Posted by on 10:12 am in Uncategorized | Comments Off on Tips For Women Who Are Preparing For A Criminal Court Case

Criminal charges can be hard to work through, especially if you are hoping to avoid a conviction as the final outcome. If you are a woman facing criminal charges, you have a unique set of challenges ahead of you. Here are four tips to help women work through criminal charges and face court in the best light possible. 1. Find the Right Criminal Defense Attorney If this is your first run in with the law and you haven’t been in a criminal case in the past, finding the right lawyer can seem daunting. When meeting with attorneys, seek out a female-friendly law firm. Attorneys that have a good record helping women, families, and those who may need more acute representation than standard criminal cases may offer more refined services for your specific needs. 2. Dress Professionally and Conservatively Be sure to put some thought into your outfit for court. It is important not to draw too much attention to yourself. Avoiding bold colors can bring a more conservative air around you. While looking nice is important, keep your attire out of the racy category completely, even if the look is in style. If you aren’t sure what are the best outfit options for court, ask your criminal defense attorney for advice. 3. Discuss Your Family Support System One strategy your criminal attorney might take is to bring your family details up in court.
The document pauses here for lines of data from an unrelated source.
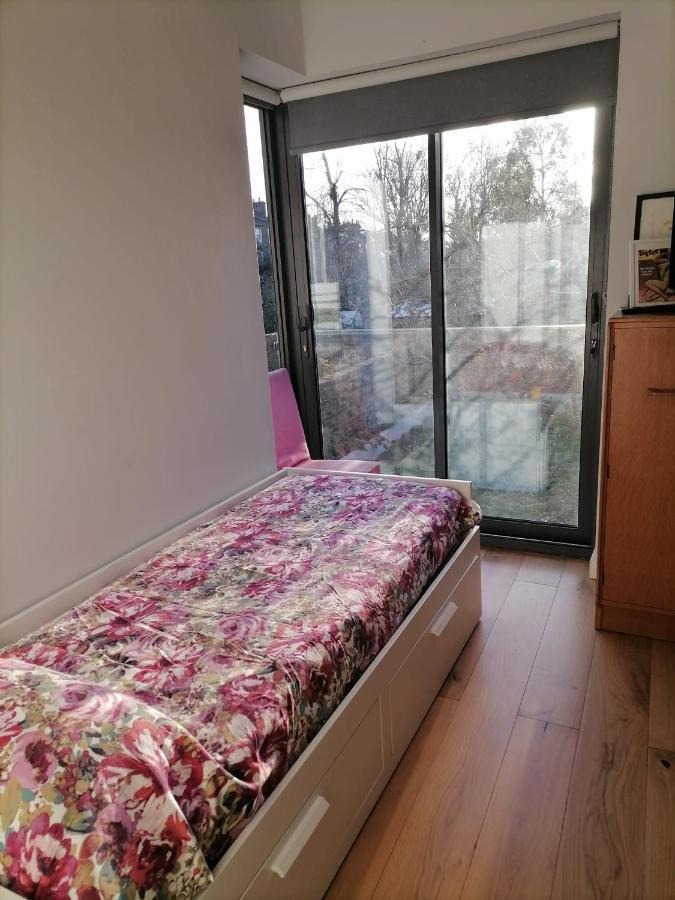 לונדון Garden Rooms 20 Min Walk From Camden Town & Kings Cross St Pancras מראה חיצוני תמונה
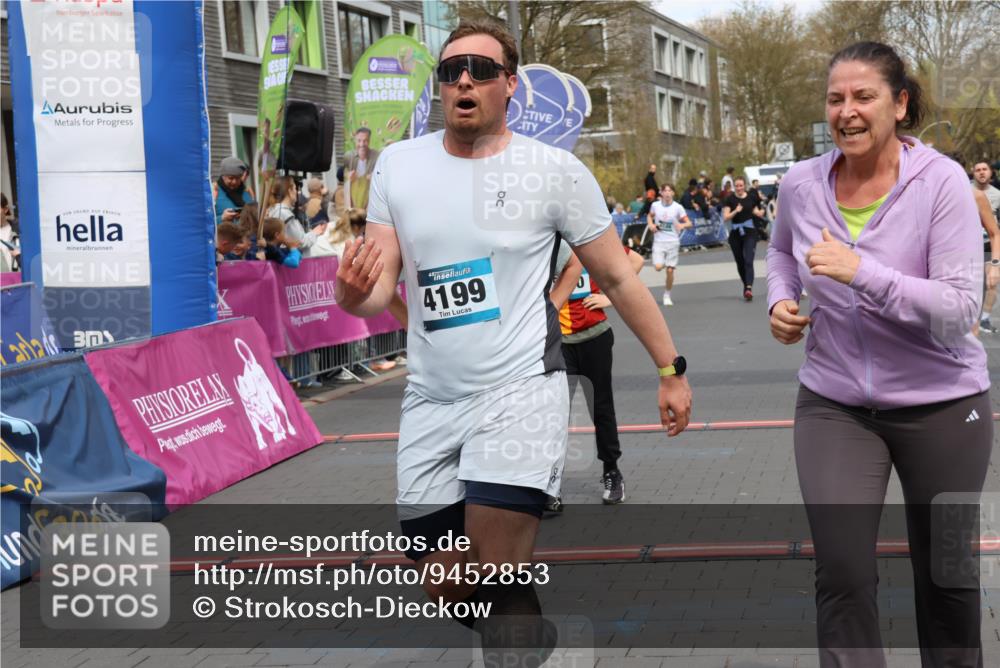12.04.2026 - 45. Internationalen Wilhelmsburger Insellauf Strokosch-Dieckow http://msf.ph/oto/9452853 12.04.2026 13:08:30 Ziel 4161, 5753, 4218, 4199, 5220, 3070, 4736, 4149 meine-sportfotos.de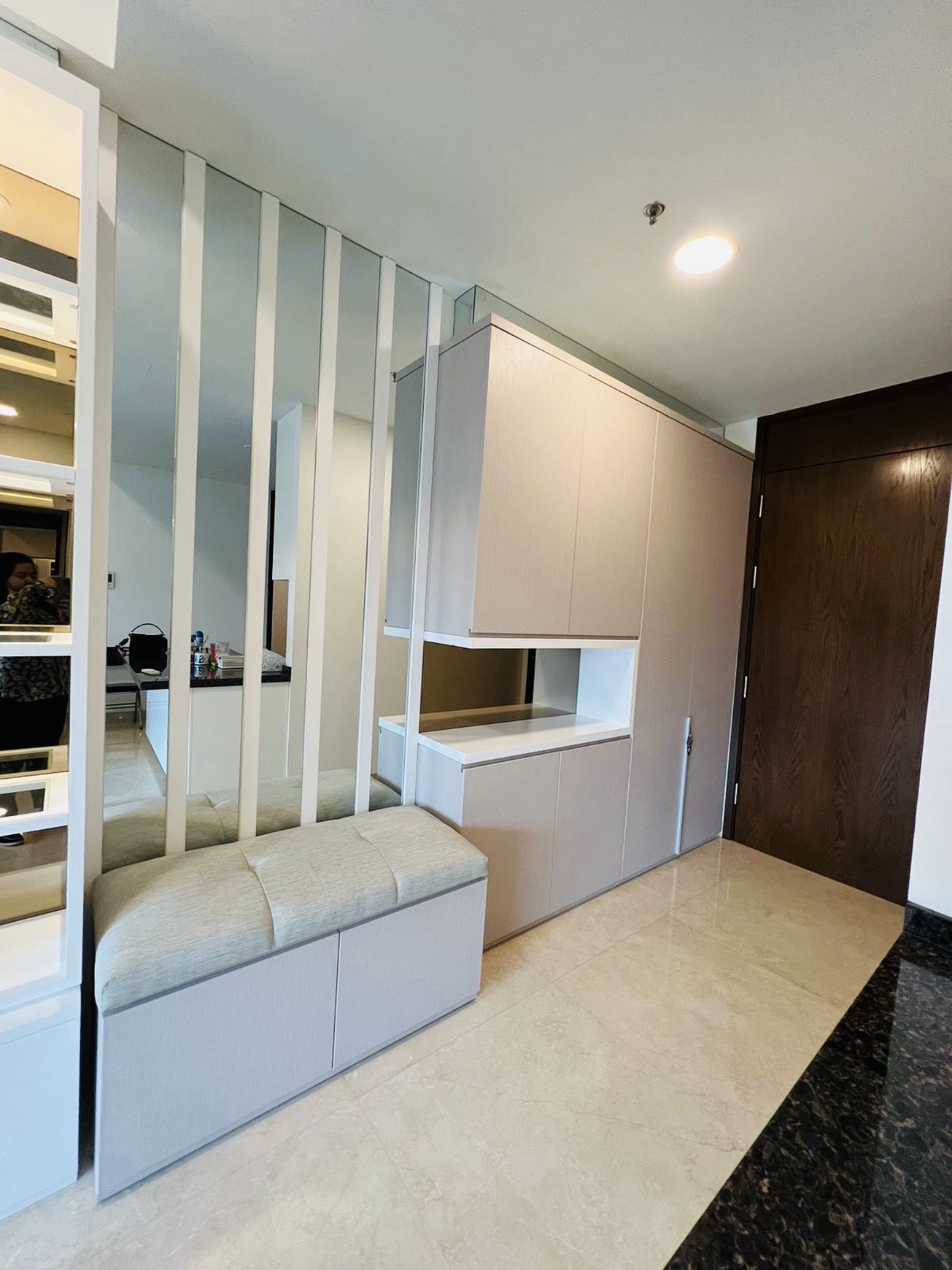 APARTEMEN ANANDAMAYA RESIDENCE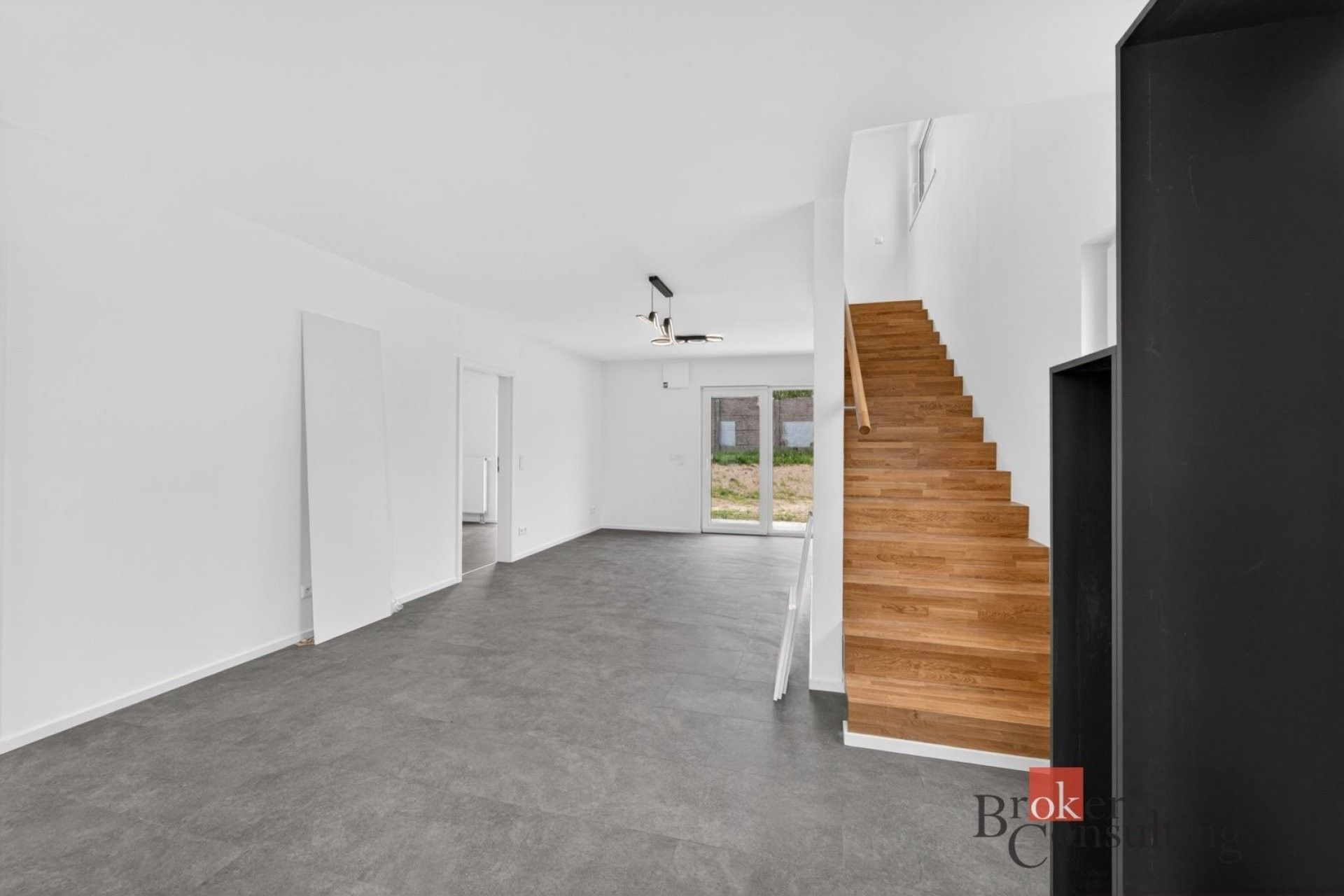Prodej nemovitosti 141 m² - foto 6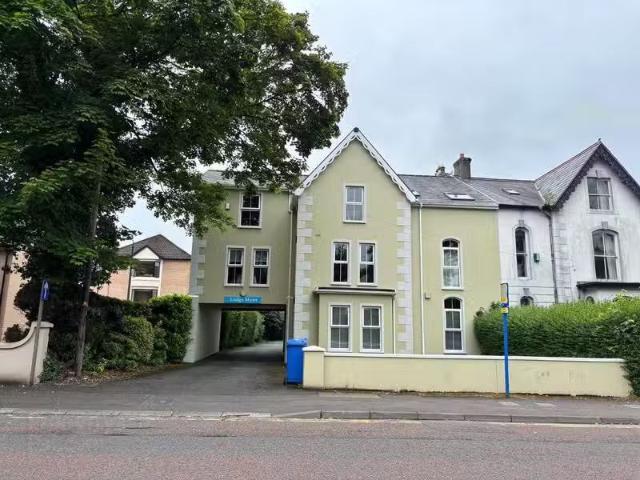 Apt 4, Lodge Mews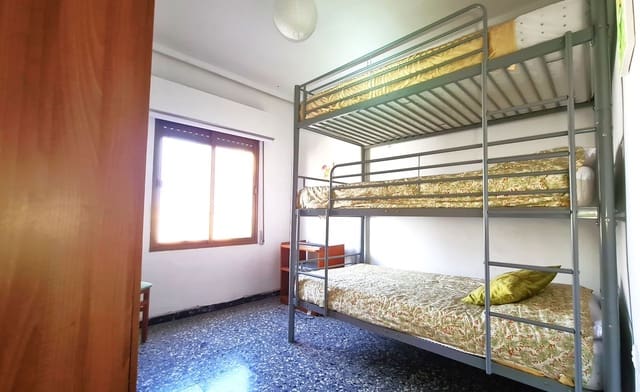 3 camera da letto Appartamento da affittare in Oliva - 600 € (Rif: 9470881)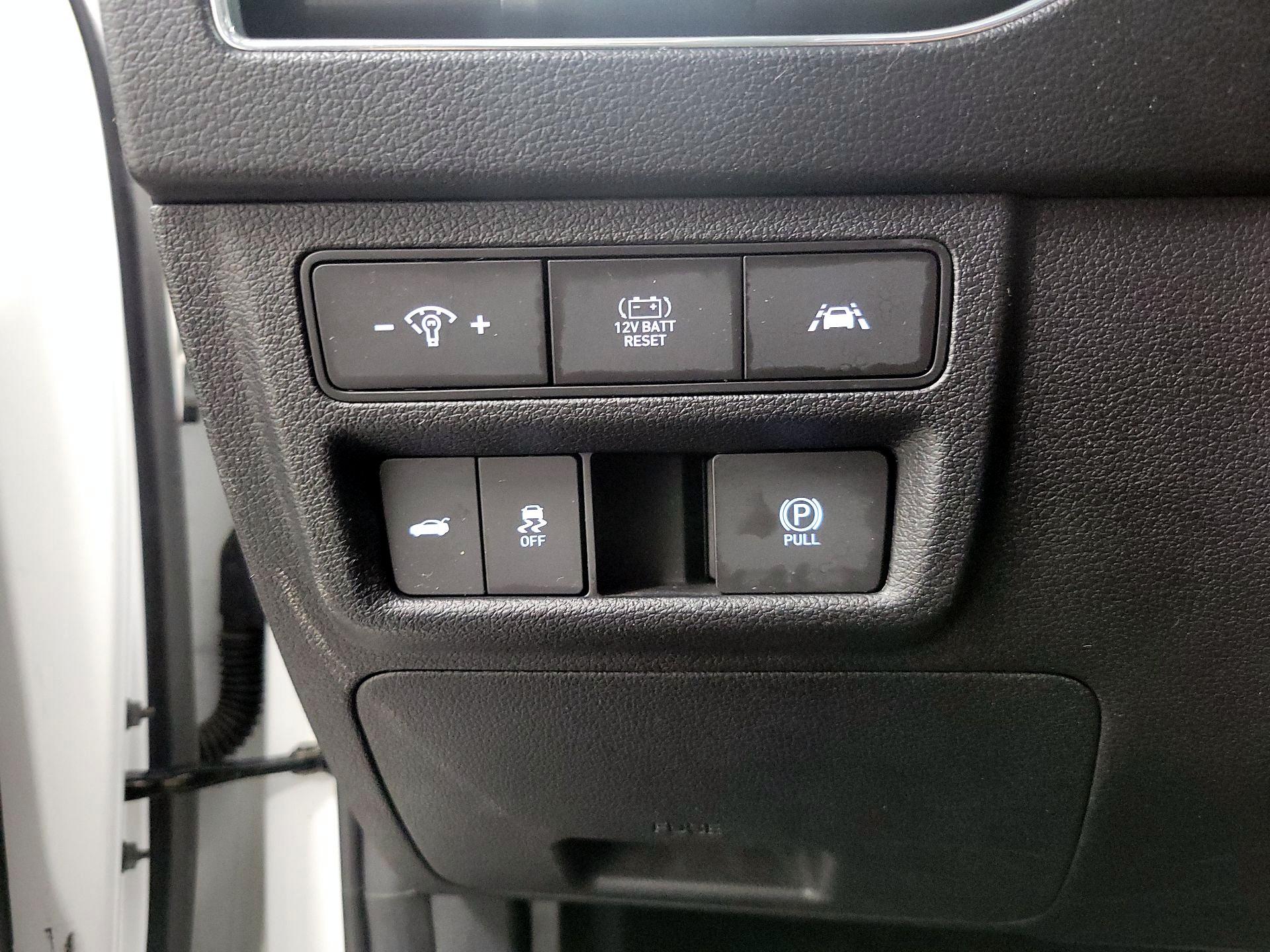 Thumbnail: 2022 Hyundai Sonata - 13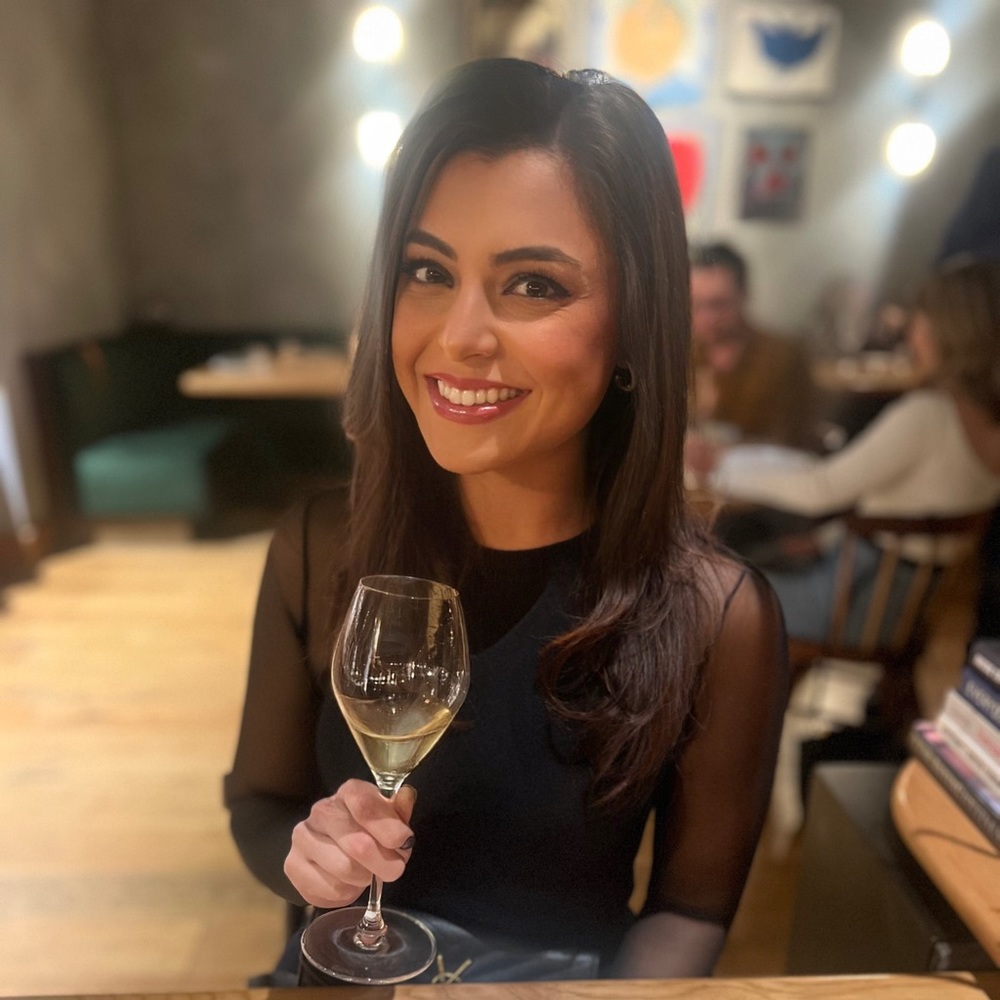 Meet your Posher, Monica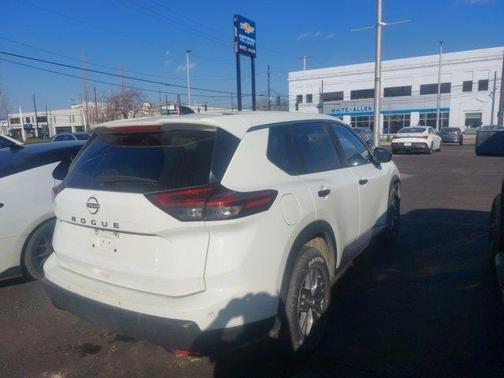 2024 Nissan Rogue S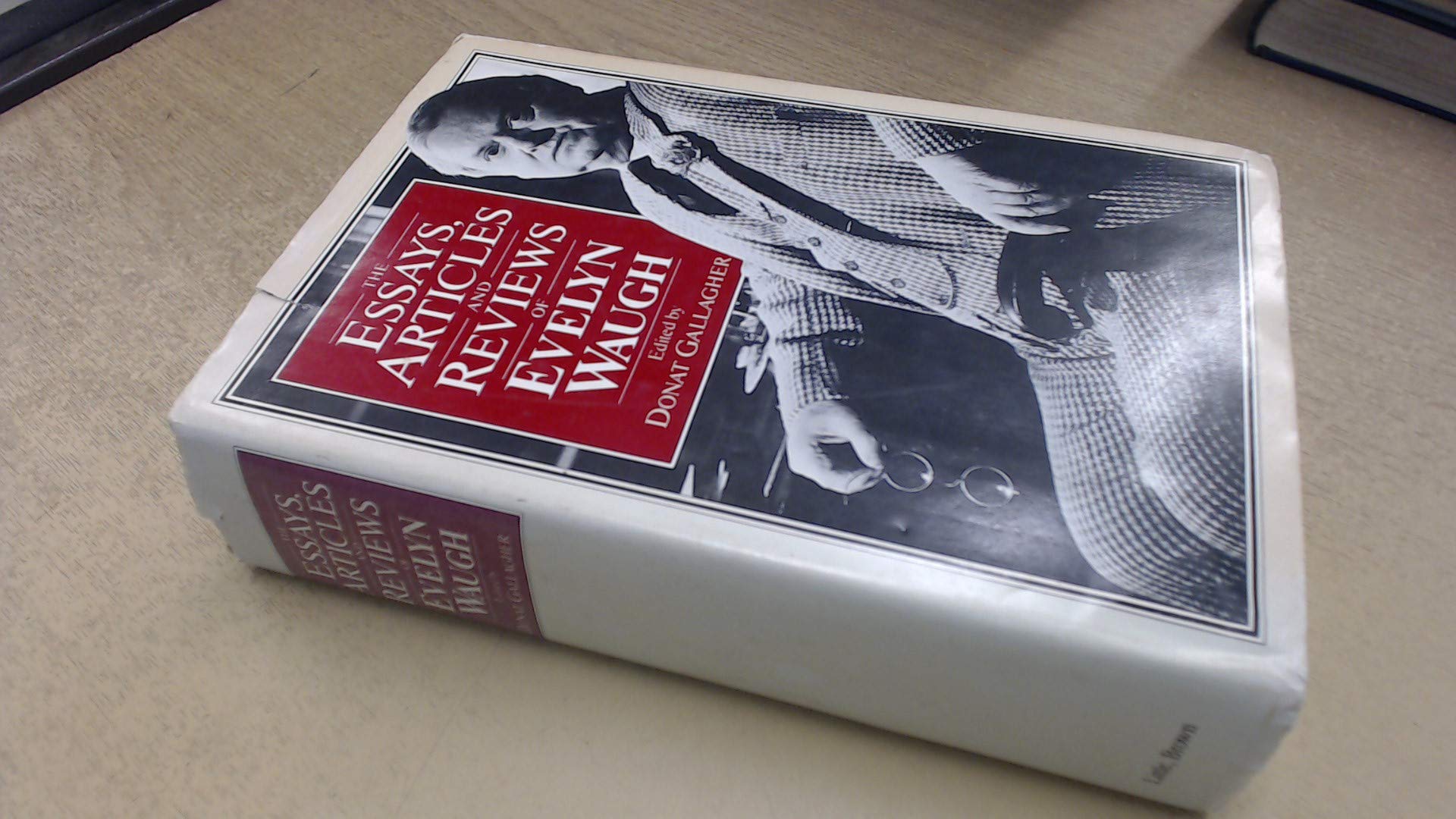 The Essays, Articles and Reviews of Evelyn Waugh,Used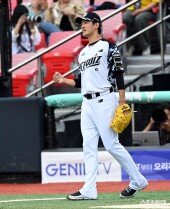 고영표, 5이닝 무실점 투구~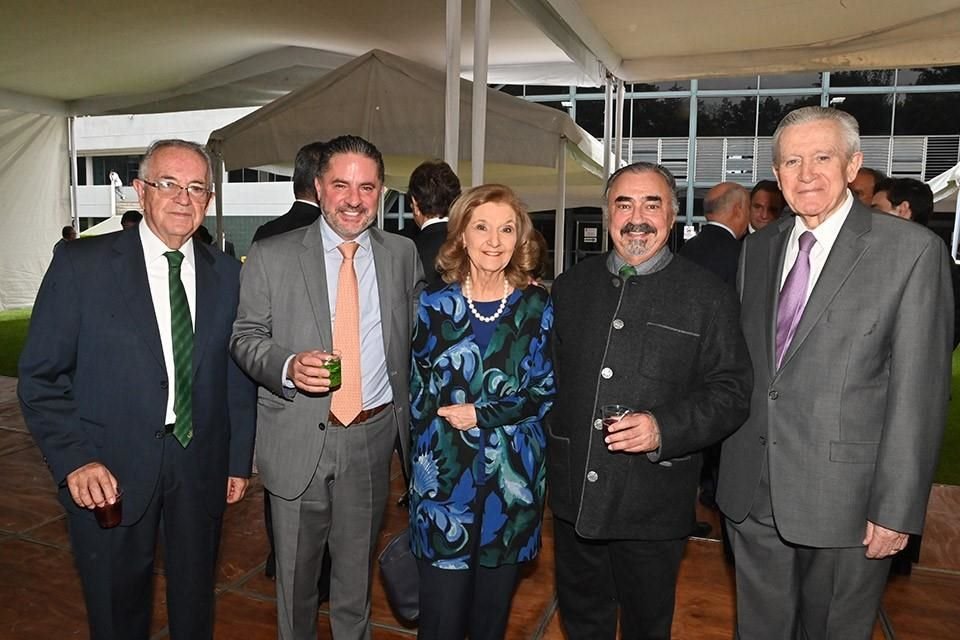 Celebra la UIC Claustro Universitario rumbo a su aniversario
This can showcase you as person, and not a possible criminal. As a woman, you may be able to show a strong case for people who can support you and others who might be relying on you. If you are a mother or have a family that will vouch for you, judges might lessen your charges so you can go home to your family support system. 4. But Leave Your Family at Home While it is a good idea to discuss how your family can help you rehabilitate and why they need you home, you don’t need to bring along everyone to court. This can be distracting and can make a judge form opinions on your case before you even get chance to fight your charges. Be sure to work out childcare ahead of time so you aren’t stuck bringing along children to your court case. Criminal charges can lead to serious outcomes. If you are working towards lessening charges or fighting a conviction in court as a woman, you may have a different set of rules and standards than men in the courtroom. Make sure you are prepared for court with your attorney to put your best foot forward before the...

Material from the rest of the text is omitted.